The Quad Cities are classic Midlands country, in American Nations terms, and even have a cameo in Union, when the historian George Bancroft, former President Millard Filmore and a crowd of dignitaries arrive in Rock Island in 1854 as part of a junket sponsored by the new Chicago and Rock Island Railroad. They meet a non-descript railroad attorney during a Springfield, Ill. whistle stop on their way home and pay him no mind. They guy's name was Abraham Lincoln.

But I digress. Please: enjoy the show. 

I was last on air in Iowa this summer on Iowa Public Radio's River to River and was on Robin's show back when it was still hosted on KBUR just across the Mississippi -- thus the change from "K" to "W" in call letters -- to talk about what American Nations had to say about the state of US politics.



Thursday, October 1, 2020

Chicago Magazine, Alabama Political Reporter on American Nations; Jeff Daniels on Union

As the highest-stakes U.S. election since 1860 fast approaches, various news outlets have been using American Nations to explain how things got so bad. Most interesting for me is when they use the book to analyze their own backyards, especially when those places are far from where I live.

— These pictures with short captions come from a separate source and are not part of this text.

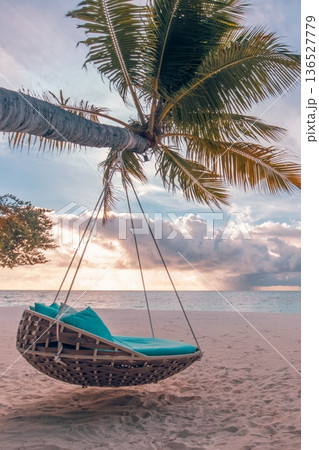 Tranquil sunset beach travel landscape palm tree swing hammock nature ocean view Tranquil sunset beach travel landscape palm tree swing hammock nature ocean view 136527779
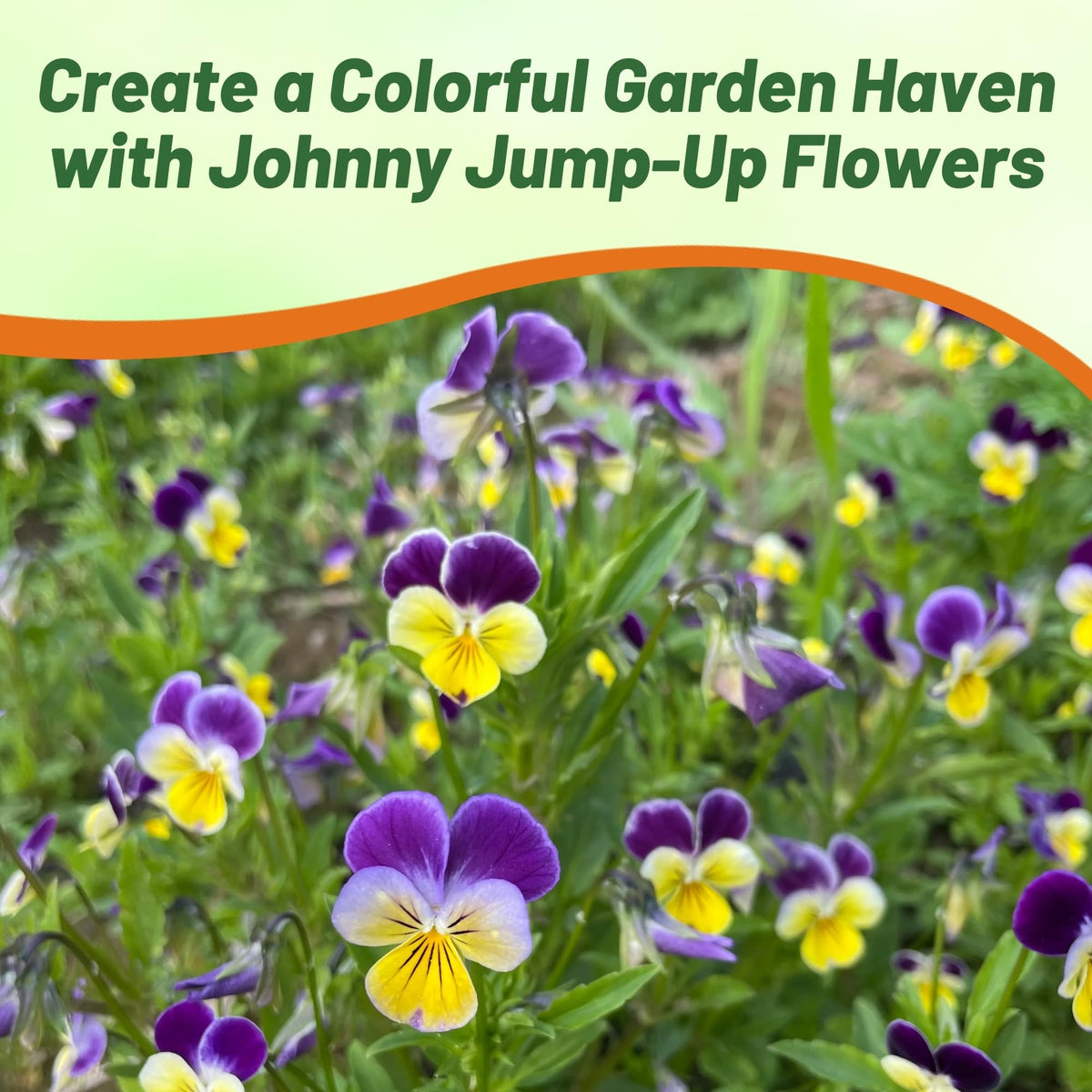 Seeds planted in well-drained soil for vigorous Johnny Jump Up Viola growth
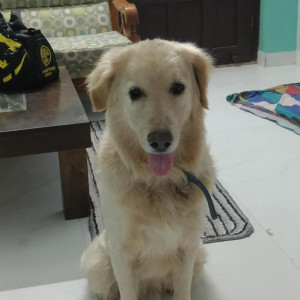 Found: White Male Golden Retriever Dog from Hyderabad near NCC Cyber Urbania, Tellapur
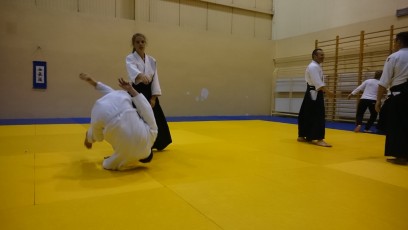 2016 trening aikido012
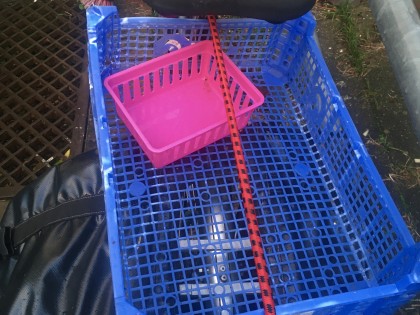 Carolien Adriaansche blauw plastic afval op de fiets 4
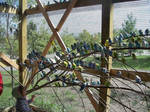 The Budgie Cage by Boshart-molder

Two cases in point over the past 48 hours:

The editor-in-chief of Alabama Political Reporter, Bill Britt, wrote this OpEd about the state of his state, using the observations I made about the Deep Southern social and political legacy. "Today, Alabama’s governance framework and, to a lesser degree, its society is much like the Deep South characteristics Woodard describes," Britt writes. "One Party rule. A dominant religion. A racial caste system. And a willingness to impose regulations on personal behavior while opposing almost every economic restrictions." 

To the north, Chicago Magazine has this feature using American Nations to explain why Illinois -- or at least it's dominant northern tier -- votes like New England. "In Lincoln’s day, New England-settled northern Illinois was the most anti-slavery part of the state," writer Eric McClellan argues. "Today, it’s the reason that Illinois votes more like a coastal state than most of its Midwestern neighbors."

And, separately, Jeff Daniels gave a shout out to my new book, Union: The Struggle to Forge the Story of United States Nationhood in this interview with AV Club. (He previously touted American Nations too.) Thanks, Jeff!